S'agissant du grand emprunt, vous nous avez fait part, monsieur le ministre, des démarches que vous avez entreprises et, à cet égard, vous avez le soutien sans réserve de notre commission. Si l'on devait aller jusqu'à une révision de certaines de nos ambitions, je n'hésite pas à évoquer – en mesurant le risque que je prends – la composante aéroportée de notre dissuasion nucléaire. Le Livre blanc la maintient au rang des priorités pendant les quinze ans à venir : c'est dire si la question est ouverte. Or, dans le budget que vous nous présentez, sont inscrits des crédits de recherche en études amont pour la préparation de la rénovation à mi-vie du missile ASMPA. Dès lors, doit-on s'interdire de réfléchir à l'évolution de notre armement nucléaire, qui a déjà connu la suppression des missiles du plateau d'Albion et celle des systèmes Pluton et Hadès ? Notre dissuasion nucléaire est le pilier central de notre stratégie de défense et doit le rester, mais elle n'a pas vocation à devenir une nouvelle ligne Maginot !

Le deuxième défi est européen : la coopération européenne permet de réduire l'écart avec les États-Unis. Mais il conviendrait que les États membres renoncent à la maîtrise strictement nationale de certaines technologies au profit d'autres États proposant des solutions plus matures et plus compétitives – je sais vos efforts en la matière. Par ailleurs, il est nécessaire de fédérer les programmes de recherche et technologie dans les domaines où l'Europe est en retard.

Troisième défi : la recherche duale.

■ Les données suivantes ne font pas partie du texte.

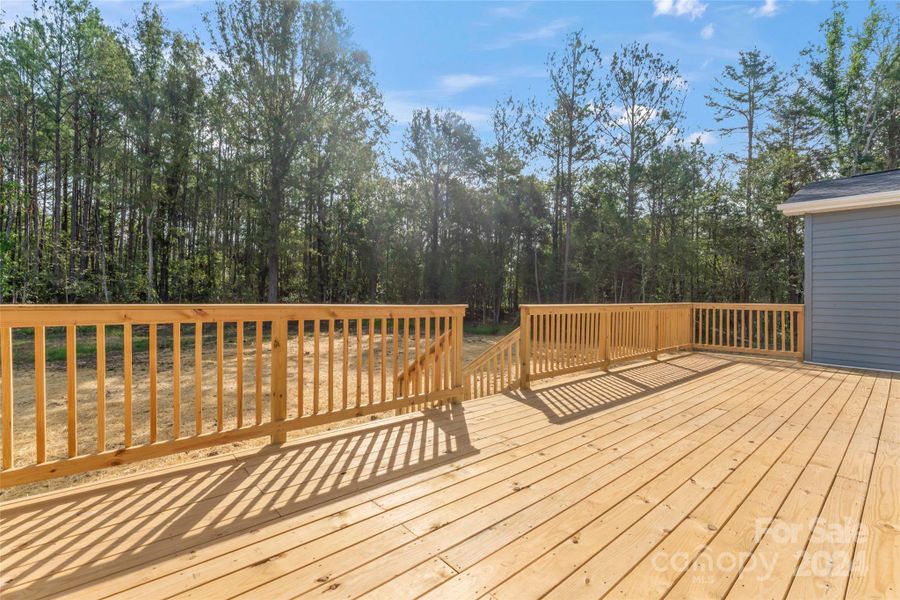 Large back deck overlooking wooden backyard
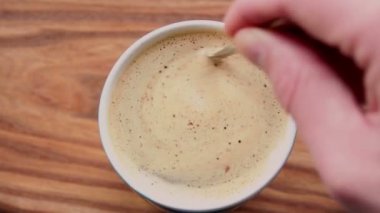 Bir adam bir fincan aromatik kahveye şeker karıştırır. Ahşap bir masanın üzerinde bir fincan aromatik kahve duruyor. Erkekler kaşıkla kahve içmeyi karıştırır..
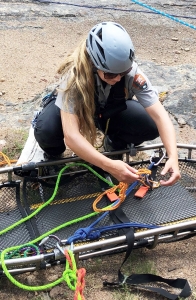 A woman is preparing a harness for a climber.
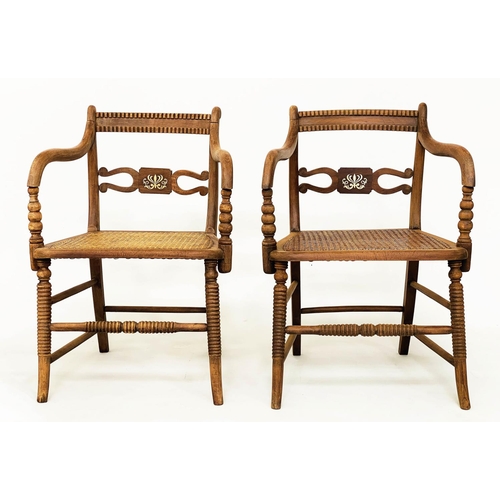 147 - ARMCHAIRS, a pair, Regency style brass inlaid, with cane seats and ring turned supports. (2)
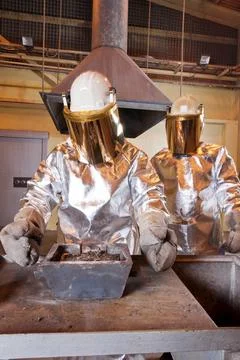 Pouring liquid gold into graphite casting form from furnace Stock Photos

Je rappelle que celle-ci s'est révélée extrêmement utile – les programmes du CNES en témoignent notamment – mais qu'elle dispose d'un budget limité : 200 millions d'euros au titre du programme 191. Par ailleurs, certains des crédits dévolus au CNES tendent à être annulés, ce qui est inacceptable car cela risque de le conduire à démanteler ses projets industriels.

Dernier point, enfin, un budget pour l'espace globalement conforme à la loi de programmation militaire, mais qui comporte des incertitudes extrêmement préoccupantes.

Les crédits prévus pour 2010 en matière spatiale, qui dépassent le seul cadre du programme 144, sont dans la ligne des orientations de la LPM. Ainsi, les crédits de paiement enregistrent une forte augmentation, avec un montant de 426,7 millions d'euros prévus, contre moins de 200 millions en 2009. En revanche, les autorisations d'engagement baissent, passant de près de 481 millions à 233 millions, essentiellement en raison de l'étalement dans le temps des phases de commande des projets. Je souhaite à cet égard qu'un échéancier précis des autorisations d'engagement prévues jusqu'en 2014 soit fourni, avec les crédits de paiement correspondants, afin de voir comment le Gouvernement entend exactement mettre en oeuvre la LPM dans la durée.